Graduation rates are rising throughout the Washington area as schools adjust to a more rigorous method of calculating the number of caps thrown in the air each June. Fairfax County Public Schools topped the suburbs for “on-time graduation,” a figure that starts with schools’ freshman classes and counts the percentage that receives diplomas within four years. Traditionally, schools used a “leaver rate” that measured how many 12th-graders finish the year. But under requirements of the federal No Child Left Behind Act, more states are moving to the new “cohort rate,” seen as a more accurate picture of schools’ success.
In Fairfax, 91.4 percent of students graduated on time, nudging up slightly from last year’s 91.2 percent. Arlington Public Schools’ graduation rate also increased, from 86.9 percent to 87.5 percent, and Alexandria City Public Schools inched up from 78.7 percent to 79.2 percent.
| Pomp and Circumstance | ||||
| Percentage of the class of 2011 that graduated after four years: | ||||
| District | 2010 | 2011 | ||
| Fairfax | 91.2% | 91.4% | ||
| Arlington | 86.9% | 87.5% | ||
| Alexandria | 78.7% | 79.2% | ||
| Montgomery | n/a | 86.2% | ||
| Prince George’s | n/a | 76.2% | ||
| Virginia | 85.5% | 86.6% | ||
| Maryland | n/a | 82% | ||
| Note: This is the first year that Maryland and its counties have switched to the four-year rate. | ||||
Across the commonwealth, the on-time graduation rate rose 1 point to 86.6 percent.
This was the first year that Maryland used the “cohort rate” to describe graduation, and graduating seniors rang in at 82 percent. Under the former calculation method, Maryland’s 87-percent graduation rate was the highest in the state’s history. The District of Columbia expects to release graduation figures later this month.
In Prince George’s County Public Schools, the on-time rate was 76.2 percent.

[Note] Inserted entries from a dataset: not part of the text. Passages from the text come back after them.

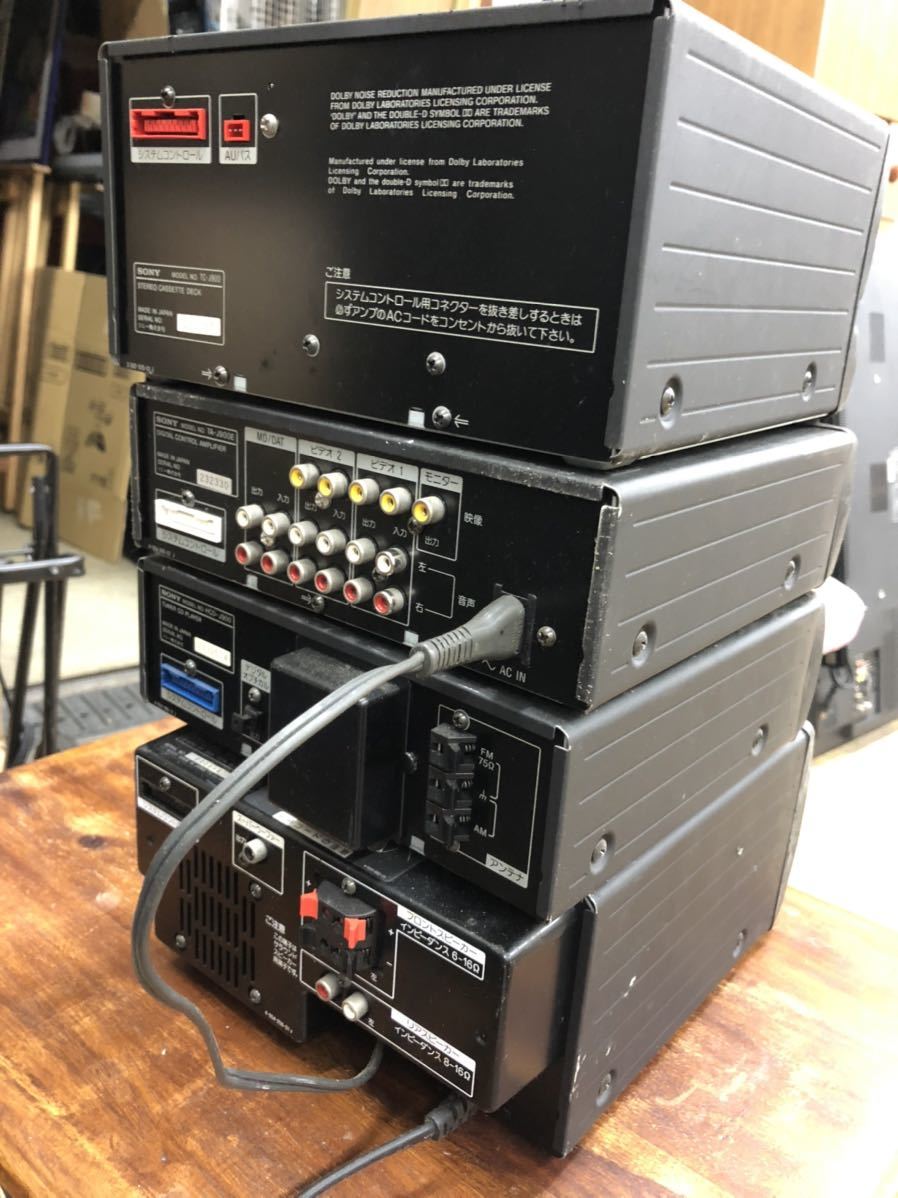 SONY MHC-J900EX アンプ HCD-J900ECDデッキ TC-J900 カセットデッキ TA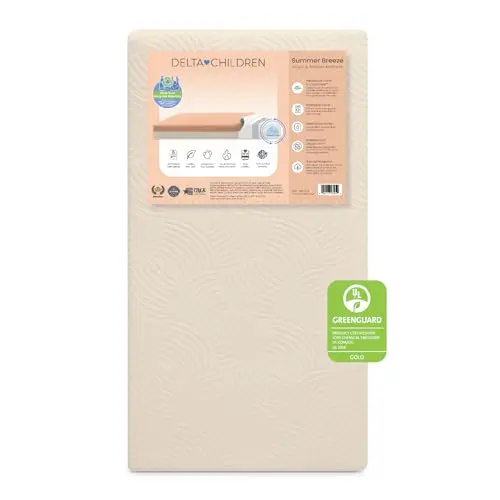 Delta Children Summer Breeze breathable crib mattress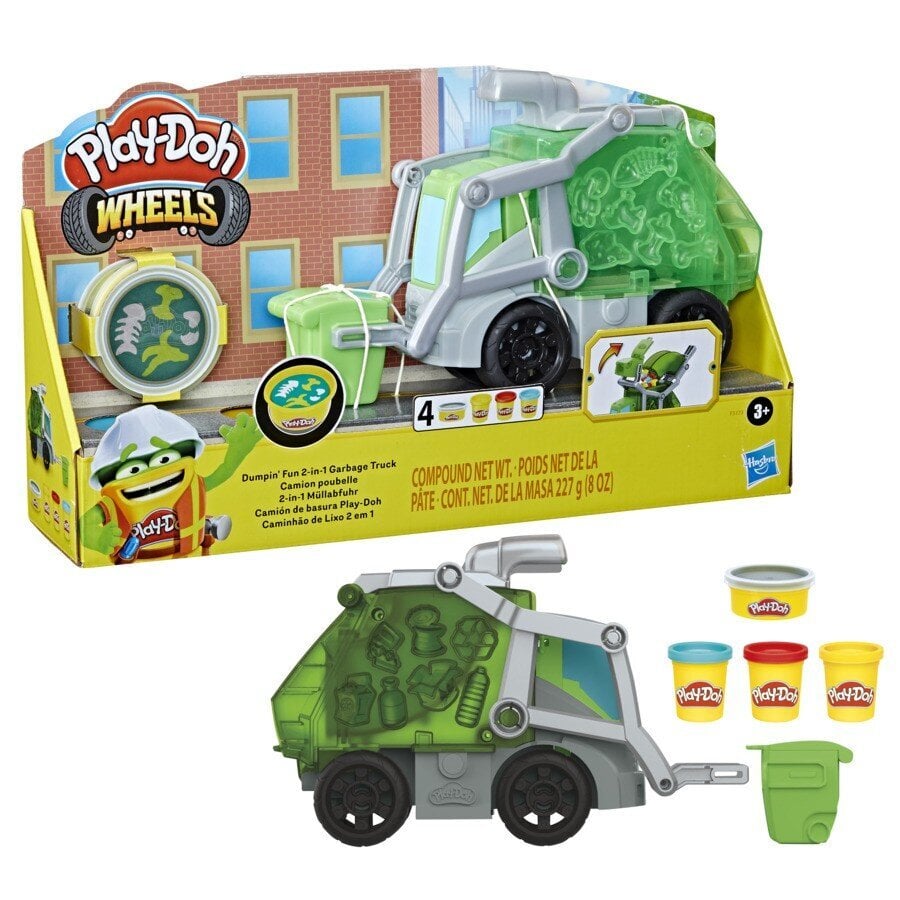 Hasbro PlayDoh prügiauto komplekt цена и информация | Arendavad mänguasjad | kaup24.ee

Fairfax’s across-the-Potomac rival Montgomery posted a rate of 86.2 percent. School officials noted that under the former methodology, the rate would have been 90.7 percent, up from 90 percent in 2010, and the highest rate since 2006.
“However you calculate the graduation rate, Montgomery County is doing well and is outperforming public schools across the state,” said school board President Christopher Barclay. “However, we will not be satisfied until every student in our schools is graduating on time and ready for college and the careers of the 21st century.”
Under No Child Left Behind, schools are judged on student scores on standardized state exams and their graduation rates. Many more high schools across both Maryland and Virginia failed to meet “adequate yearly progress” under the new graduation calculations.
Maryland and Virginia have indicated that they will seek waivers from No Child Left Behind’s regulations.
A number of machines have produced different ways of calculating graduation rates. An annual report from Education Week has ranked Montgomery as having the highest graduation rate among large school districts nationwide for three straight years. Fairfax came in second.
Virginia’s “graduation and completion index,” which tracks four-year cohorts but includes GEDs, put Arlington’s Wakefield High School in danger of losing its accreditation when the formula calculated Wakefield’s rate at 77 percent.